Frederick Paul and Florence Harvey were high school sweethearts, dating in the 1950s, but after a lifetime apart, the couple are back together and were recently married, CNN reported.
Paul and Harvey had been dating when, in 1955, Paul’s father had asked him to travel from Wandsworth, Newfoundland, to Nova Scotia for his sister’s wedding. After the ceremony, he traveled to Toronto to visit his brother but ran out of money. He picked up work to be able to get home but was in Toronto for a year, the CBC reported.
She was his first love, CNN reported, but by the time he got back to Wandsworth, his teenage love, Harvey, was gone, moving to St. John’s for a teaching course. He went back to Toronto and the couple went their separate ways.
As life goes, Paul met a woman in Ontario, fell in love and got married.
Harvey met a man in Newfoundland and also fell in love and got married.
Both couples had children and grandchildren over the years, CNN reported.
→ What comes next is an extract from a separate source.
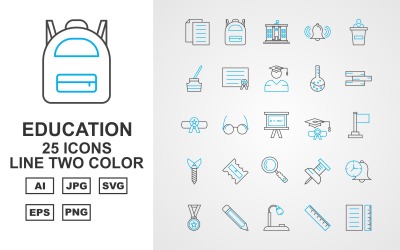 Conjunto de iconos de paquete de dos colores de la línea de educación premium 25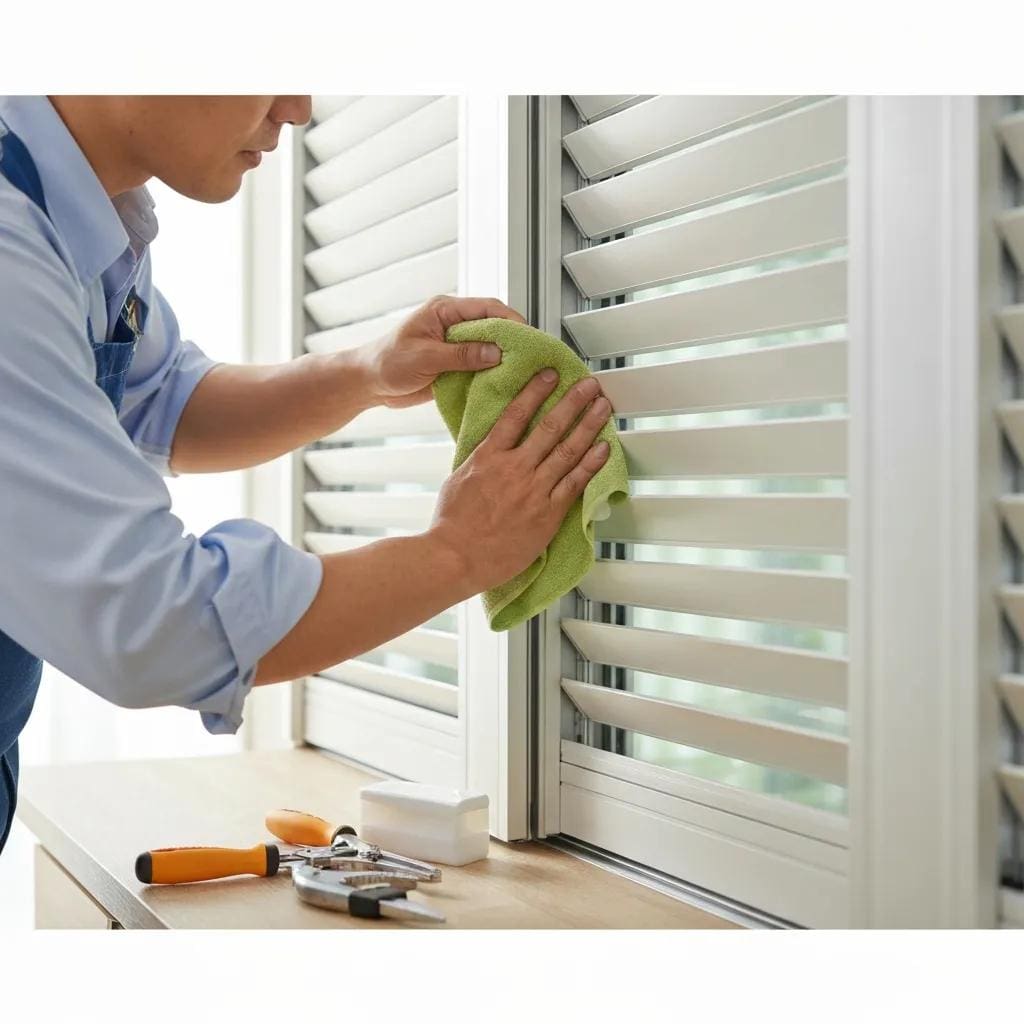 Homeowner-maintaining-accordion-shutters-for-long-term-effectiveness-fcb43bbc-027f-4b48-9ed8-9b35b2cc16edwebp - american hurricane shutters Owner performing routine maintenance on accordion shutters to ensure reliable performance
Eventually, their spouses had died, so on Feb. 15, with some help from their brothers, the matchmaking began, the CBC reported.
“We both have brothers in a seniors’ home in Marystown, so while I was visiting my brother, his brother was there. He said, ‘I’m gonna give you Fred’s number,’” Harvey remembered.
Paul’s brother asked him, and Paul agreed that he could pass the number along but added, “She’ll never call me.”
But he was wrong. She did call.
“I was lonely. He was lonely, so I thought, ‘Well, I’ll just call him and offer my condolences, I guess,’ because he had lost his wife the fall before and to tell him that it does get a little easier,” Harvey told CBC.
They spent time remembering the old days, sharing their memories of their time together.
The calls continued over the months.
“We were on the phone three to four hours at a time, four times a week,” Paul said.
They met up when Harvey went to visit one of her sons as Paul has a son who lives 10 minutes away from her family.
But Harvey had a surprise for Paul during one of their scheduled calls; telling him that she was nearby.
It was 10 o’clock at night but the time didn’t stop Paul from hitting the door, anxious to see his former love, CBC reported.
Despite Harvey saying it was too late to meet, her son didn’t listen.
“A few minutes later, her son knocked on her bedroom door and said, ‘Mom, get your clothes on, we’re going over to see Fred,” Paul remembered.
He also showed his romantic side, wanting to use Newfoundland seashells to spell out “Welcome Florence.” Instead, he had to settle for chalk when he couldn’t find his shells.
When she arrived, Paul jumped into action.
“I went around the car and Florence was getting out of the back seat, and I gave her a kiss on the cheek and held her hand and walked towards my house,” Paul told the CBC. “I knew right away that she had taken my heart back again.”
Days later they were talking about getting married, CNN reported. Their kids weren’t too happy they were moving so fast, shopping for rings a week after seeing each other in person.
“We told our kids, you know, we’re 81 and we’re 84, and we don’t have all that much time and we know what we want. And so we pushed ahead,” Paul told the CBC.
High school sweethearts who were separated nearly seven decades ago reunited during the coronavirus pandemic and are now married https://t.co/HCiiIl0epm
— CNN (@CNN) January 12, 2021
During the ceremony, Harvey told her love, “You were the first young man to walk me home in my teens. I guess you’ll be the last man to walk me home,” CNN reported.
On Aug. 8, the two got married. And they’re living together through thick and thin as Paul had been diagnosed with cancer just before their face-to-face reunion. But she helped him get through chemotherapy, CBC reported.
With the coronavirus pandemic continuing, the couple have set up their household in Ontario, but they hope to return to their hometown to make new memories where it all started.
“My brother has built a cottage on the same foundation that my house was on in Wandsworth, and we would like to go back there and maybe spend a few nights in that cottage and live some memories,” Paul told the CBC.